I spent a good part of the last Sunday in a train, making good use of my alone-time by connecting to Facebook, drooling and frowning in such quick succession that the people around me almost saw it fit to pack me off to the hospital, thinking I was having a fit. In my defence, I was only trying to stay sane in a strange and dangerous world where being disconnected, isolated, expressionless and tranquil, even for the briefest of intervals, is positively maddening. Even more so if you’re in a train full of people who you’ve not stalked even on Facebook.
The prospect of a hospital where I would be hooked up to IV fluids, not other people’s private lives was so terrifying that it made me take the drastic step of opening a book and reading it.

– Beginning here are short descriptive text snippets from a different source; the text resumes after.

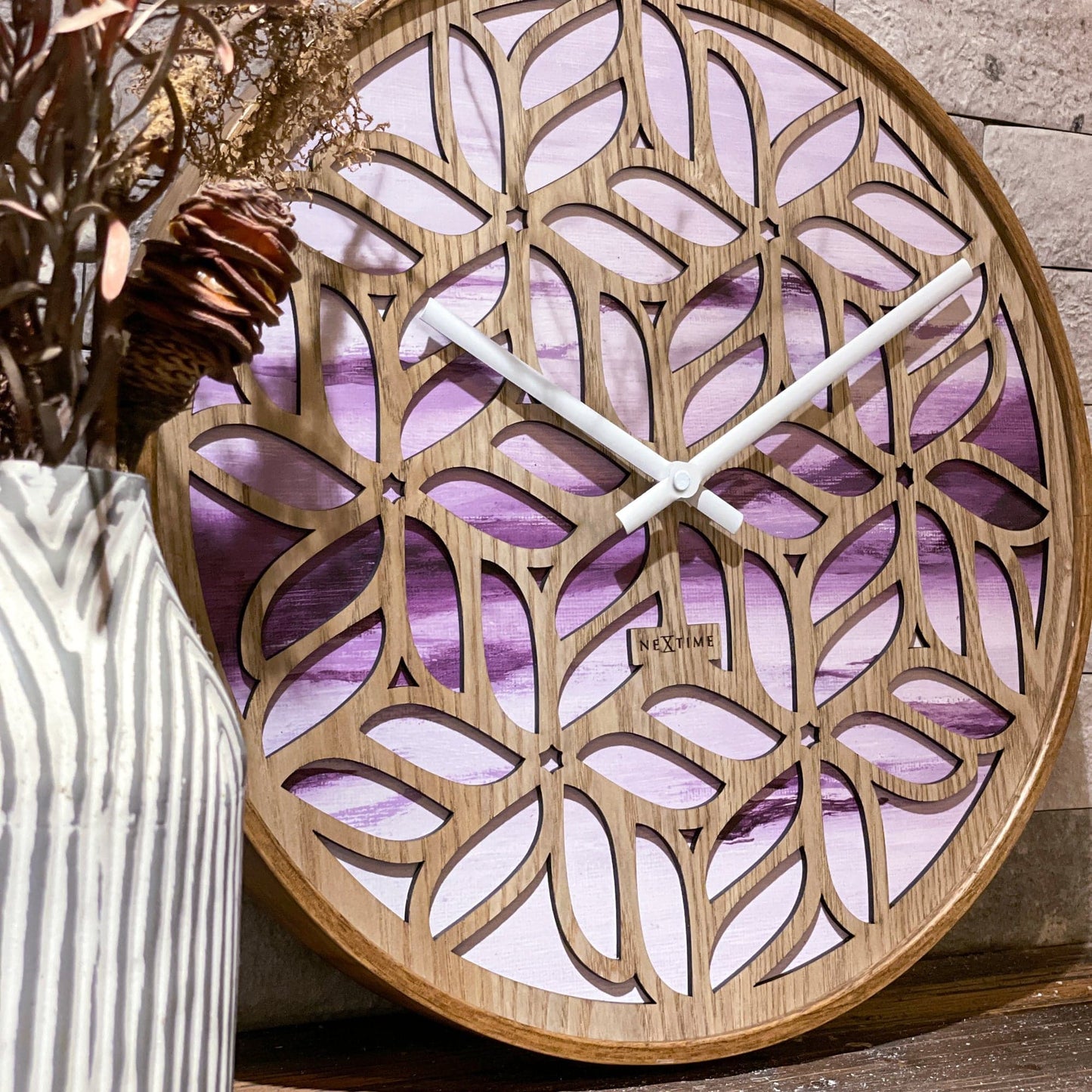 Wandklok 40 cm - geruisloos - paars - houten - "Yogi"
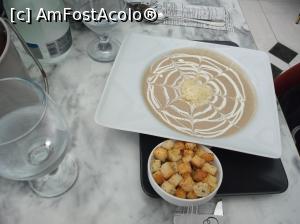 [P04] Restaurantul Motel Cinciș - supa cremă de ciuperci cu parmezan » foto by Dragoș_MD
 - 
<span class="allrVoted glyphicon glyphicon-heart hidden" id="av1317548"></span>
<a class="m-l-10 hidden" id="sv1317548" onclick="voting_Foto_DelVot(,1317548,12381)" role="button">șterge vot <span class="glyphicon glyphicon-remove"></span></a>
<a id="v91317548" class=" c-red"  onclick="voting_Foto_SetVot(1317548)" role="button"><span class="glyphicon glyphicon-heart-empty"></span> <b>LIKE</b> = Votează poza</a> <img class="hidden"  id="f1317548W9" src="/imagini/loader.gif" border="0" /><span class="AjErrMes hidden" id="e1317548ErM"></span>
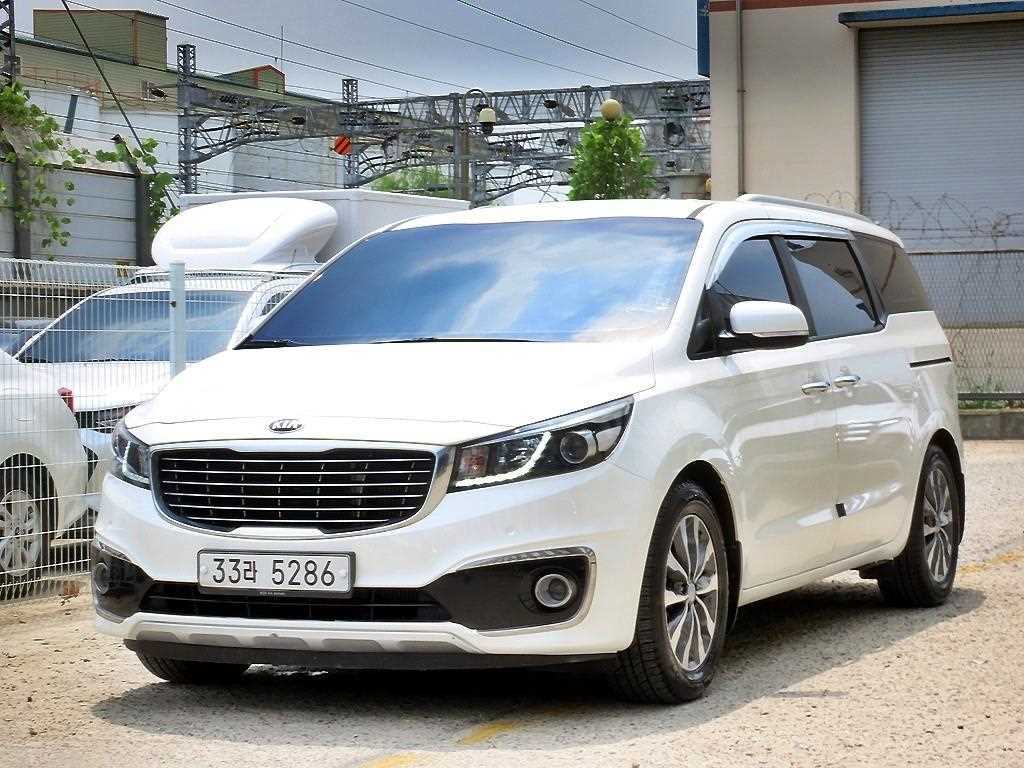 KIA Carnival - Vista 2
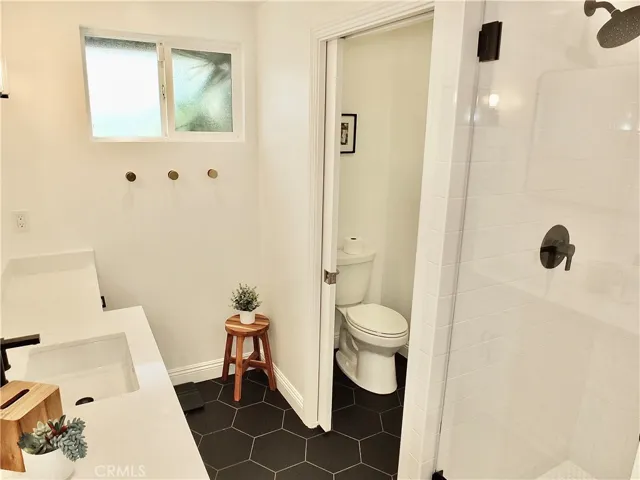 3392 Rowena Drive, Los Alamitos, California 90720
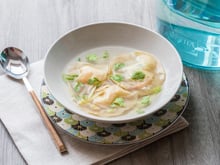 Ravioles de crevettes en bouillon thaï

It happened to be “Shit My Dad Says” by Justin Halpern (God bless him, having a dad like that) and was proving to be quite a herculean task. At this point, a middle aged man having an adolescent French beard caught me off guard when he walked up to me and talked to me. He wanted to exchange his seat with mine, because apparently, I was sitting opposite to his wife. I rose to the occasion by managing to splutter “Fine, okay. No issues.” I figured migrating from the midst of one set of strangers to another would not make a difference to someone who was trying to read a book. Soon however, “Shit Which My Dad” says started becoming more and more unlike the shit my dad actually said, and in a moment of weakness, I looked up to see the man who wanted to be with his wife, only to find both of them sitting opposite to each other, eyes glued not to each other, but to their iPad’s.
I spent pretty much the rest of the journey wondering if there was something about marriage that I quite didn’t get.